Hello there, my name is Jônatas Davi Paganini and this is my personal blog.
I'm developer advocate at Timescale and I also have a few open source projects on github.

Check my talks or connect with me via linkedin / twitter / github / instagram / facebook / strava / meetup.


TimescaleDB Gem Continuous Aggregates Updates

TimescaleDB is a popular open-source time-series database that extends PostgreSQL. It is designed to handle time-series data efficiently, making it an excellent choice for IoT, finance, and other domains that require high-performance time-series storage and querying.

Continuous Aggregates are a key feature of TimescaleDB that allow for efficient data aggregation and compression. They are materialized views that pre-compute and store the results of complex queries, which can significantly improve query performance and reduce resource usage.

During my first contribution to rubygems I faced a massive amount of work to generate statistics for downloads. For this work, I needed to generate a statistics for the downloads per day, per gem, per version and so on.

At the time, the only way to do so was to create a continuous aggregate for each combination of gem and version. While this was not difficult, it was a lot of work to do and maintain.

As the creator of the timescaledb gem, I opened an issue to brainstorm a solution.

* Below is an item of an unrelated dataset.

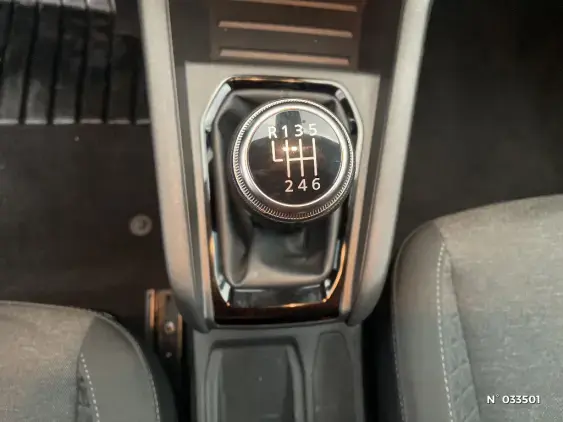 RENAULT CLIO V - voiture d'occasion - Photo 31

After no interactions, I just talked with AI and start building it to see how it would be. I’m so happy that I did it, because I learned a lot of things and I’m sure that this will help me to improve the gem and the code.

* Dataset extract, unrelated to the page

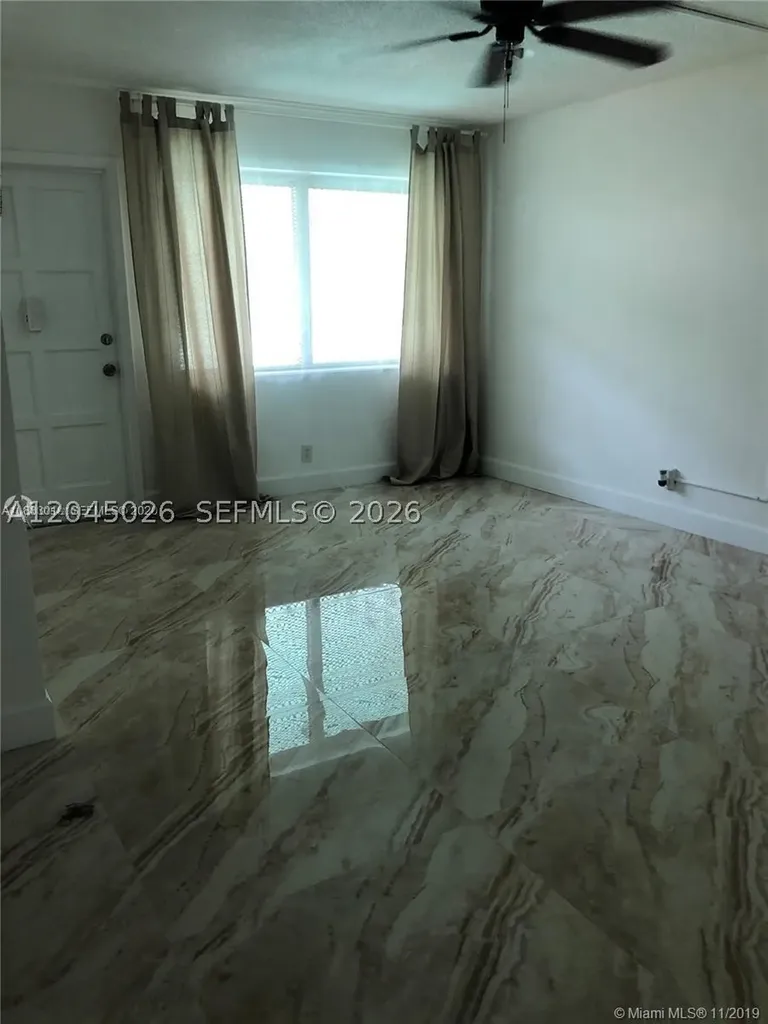 1715 Wiley Street Hollywood FL 33020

So I started working on a solution, and after a while, I had a proof of concept that would generate the statistics for downloads in a much more elegant way.

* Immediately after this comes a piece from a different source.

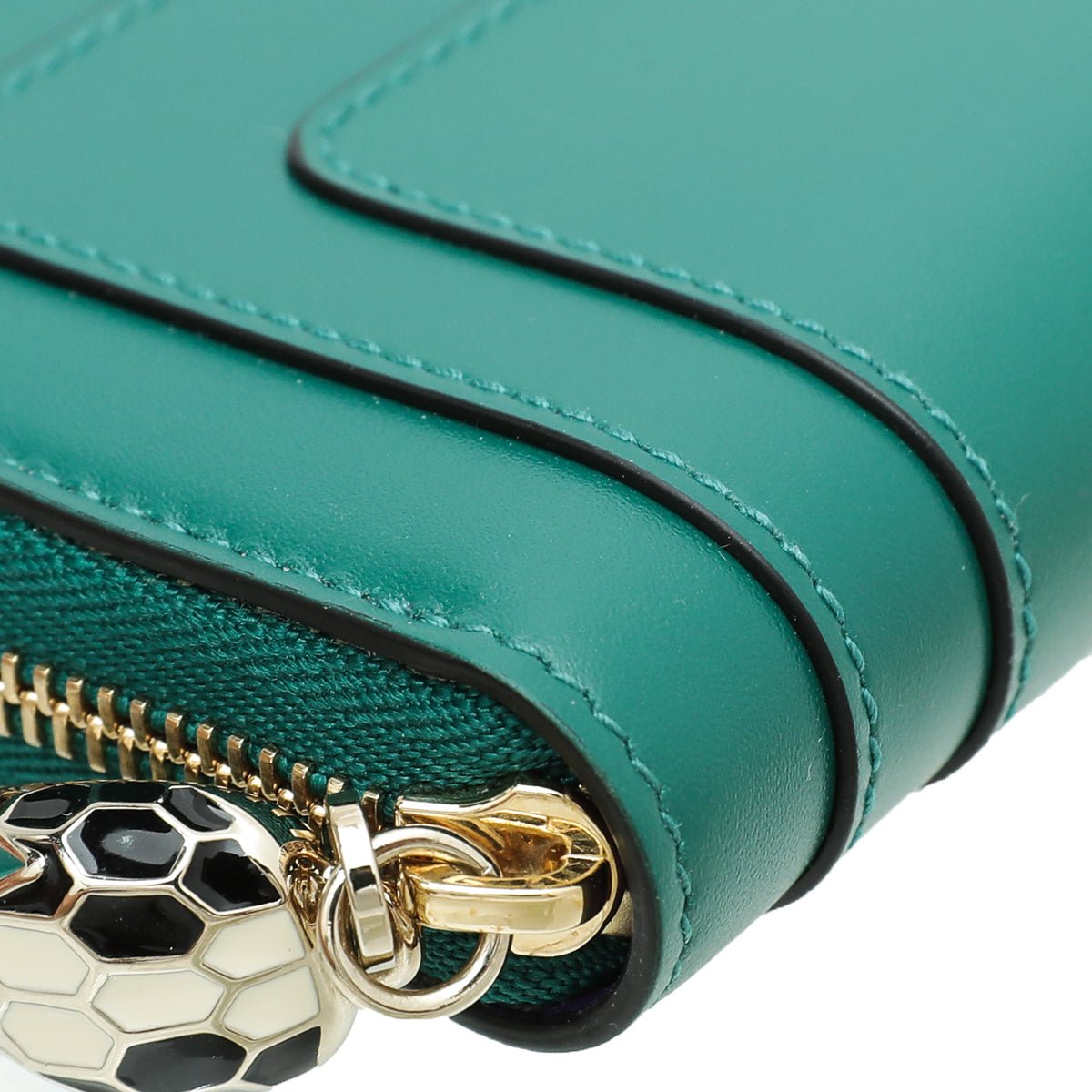 Bvlgari Emerald Green Serpenti Forever Mini Zipped Wallet – THE CLOSET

In this post, we will explore the latest macros and features added to the TimescaleDB gem for continuous aggregates.

The Problem

  • Multiple continuous aggregates on the same hypertable that hierarchically segment the data in different time grains.
  • When the data is updated, we need to update all the continuous aggregates, but we want to make sure we are doing it efficiently.
  • We need to find a way that we have a consistent chain of continuous aggregates that are kept in sync.

The Solution

I broke down the problem into two parts:

  1. What are the data I want to collect? Make them scopes.
  2. To rollup the data, we need to get the scopes and reuse them on the go, rolling up the data from the bottom grain up to the top grain.

Here is the model with the new macro in action:

class Download < ActiveRecord::Base
  extend Timescaledb::ActsAsHypertable
  include Timescaledb::ContinuousAggregatesHelper

  acts_as_hypertable time_column: 'ts'

  scope :total_downloads, -> { select("count(*) as total") }
  scope :downloads_by_gem, -> { select("gem_name, count(*) as total").group(:gem_name) }
  scope :downloads_by_version, -> { select("gem_name, gem_version, count(*) as total").group(:gem_name, :gem_version) }

  continuous_aggregates(
    timeframes: [:minute, :hour, :day, :month],
    scopes: [:total_downloads, :downloads_by_gem, :downloads_by_version],
    refresh_policy: {
      minute: { start_offset: "10 minutes", end_offset: "1 minute", schedule_interval: "1 minute" },
      hour:   { start_offset: "4 hour",     end_offset: "1 hour",   schedule_interval: "1 hour" },
      day:    { start_offset: "3 day",      end_offset: "1 day",    schedule_interval: "1 day" },
      month:  { start_offset: "3 month",    end_offset: "1 day",  schedule_interval: "1 say" }
  })
end

Instead of defining every query for every continuous aggregate, we just need to define the scopes that will be used to rollup the data.

The macro creates a class method to drop and create the continuous aggregates.

Now, let’s see how we use it on migrations:

class CreateHypertableWithContinuousAggregates< ActiveRecord::Migration[7.0]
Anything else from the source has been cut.